My first year in New Mexico, I was amazed that people actually bought poinsettias. I'd once lived along the California coast where a big poinsettia bush grew in the backyard. It was a very happy plant and I was forever hacking away at it. To me it was nothing but a weed.
Now that I have to buy poinsettias, I've changed my tune. Besides all the decorated trees this time of year nothing says Christmas more than the Poinsettia.
The plant was discovered in 1825 when Joel Robert Poinsett, the first U.S. Ambassador to Mexico noticed an unusual plant growing on the hillsides of southern Mexico. He was a hobby botanist and upon returning to the states worked in his greenhouse in South Carolina to create a cultivar of the novelty plant.
Today, with 109 varieties, the Poinsettia Euphorbia pulcherrima is the number-one flowering potted plant sold in the U.S., even though its sales period is just six weeks.
Poinsettia Facts
- The Aztec Indians prized poinsettias and made a reddish-purple dye from the bracts, the modified colorful leaves. They also made a medicine against fevers from the sap.
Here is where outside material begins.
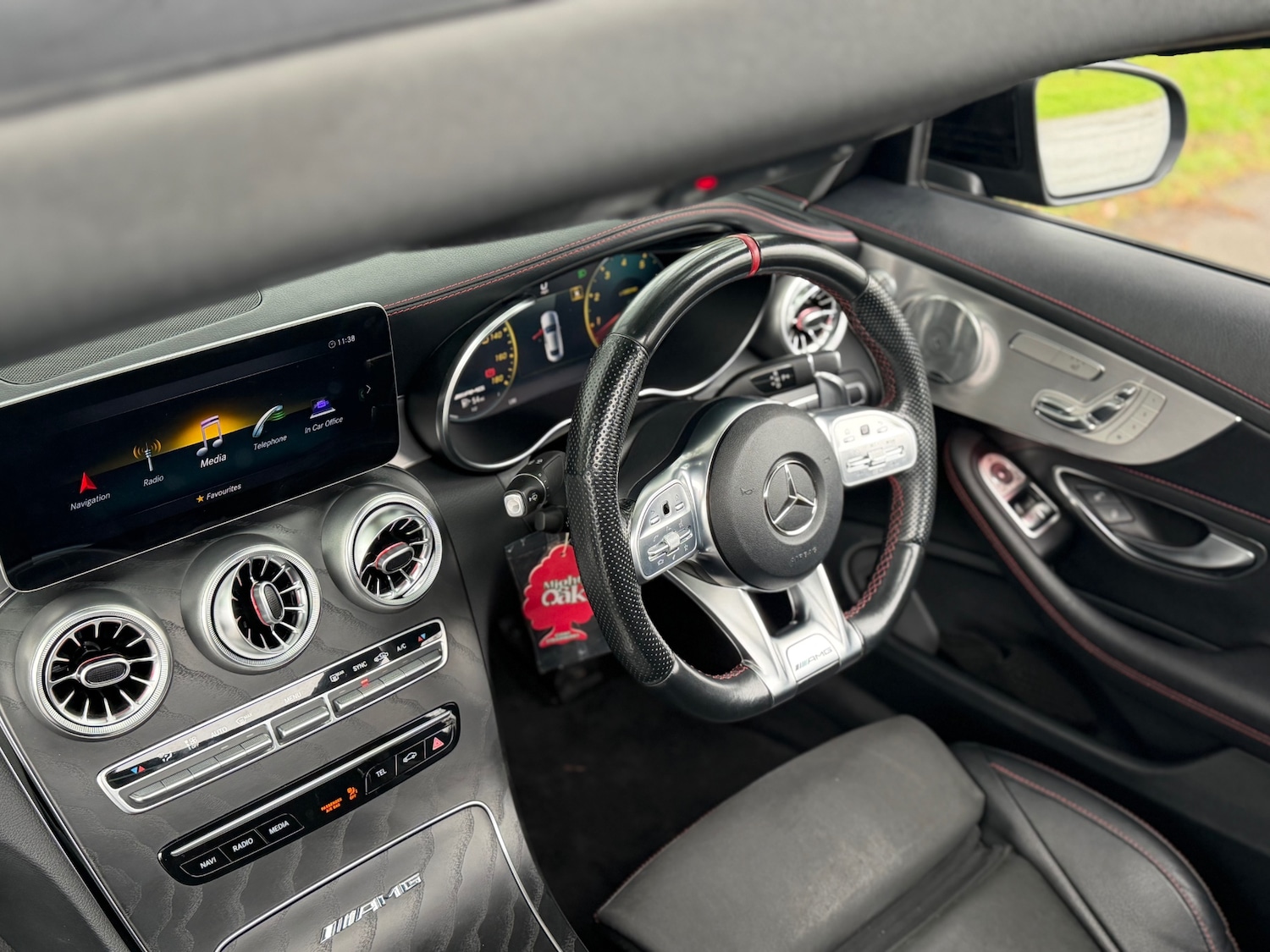 Used Mercedes-Benz C Class 2018 for sale - 77637085: Photo 12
- Alternative names for the poinsettia are Mexican flame leaf, Christmas star, Winter rose, Noche Buena, Lalupatae, Pascua and Atatürk çiçeği, Turkish for Atatürk's Flower.
- In Central America the plant is called Cuitlaxochitl, meaning excrement flower, because birds eat the seeds, and then it appears the plants germinate from bird droppings.
- It's a common misconception that poinsettias are toxic. But people sensitive to to latex may suffer an allergic reaction. And the sap can cause irritation.
A Poinsettia Monopoly
Until 19 years ago, the Paul Ecke family of Encinitas, California had a virtual monopoly on poinsettias because of a secret technology that grafted two varieties. This made it possible to get every seedling to branch, resulting in a bushier plant. Then 10 years ago, a university researcher discovered the secret and published his findings. Now producers in all 50 states grow poinsettias, but the Eckes are still considered leaders when it comes to the poinsettia.
The Paul Ecke Ranch grows over 80 percent of poinsettias in the United States and 90 percent of all the flowering poinsettias in the world got their start at the Paul Ecke Ranch.
Choosing a Poinsettia
- Check for drooping leaves (too much water), white flies and spot anthracnose. They are prone to disease.
- Choose plants with rich green, uniformly colored foliage with healthy stems all the way to the soil line. Yellow or missing stems indicate stress.
- Check undersides of leaves for the presence of insects or egg masses. Bracts are sensitive to insecticides.
Learn to Read the "Flower"
The Poinsettia flower is a small, berry-like bud in the center of the bracts. If these are open--exposing many little yellow hairs--the plant has peaked. Poinsettia plants whose "flower" has not quite opened should last 30 days or more.
How Poinsettias Became a Symbol of Christmas
Between 1923 and 1963, the Ecke family produced field-grown poinsettias and began a massive campaign to keep the plant before the public during the holiday season. One strategic placement was on the Bob Hope Christmas Special. The television exposure worked. Now we can hardly think of Christmas without the poinsettia coming to mind too.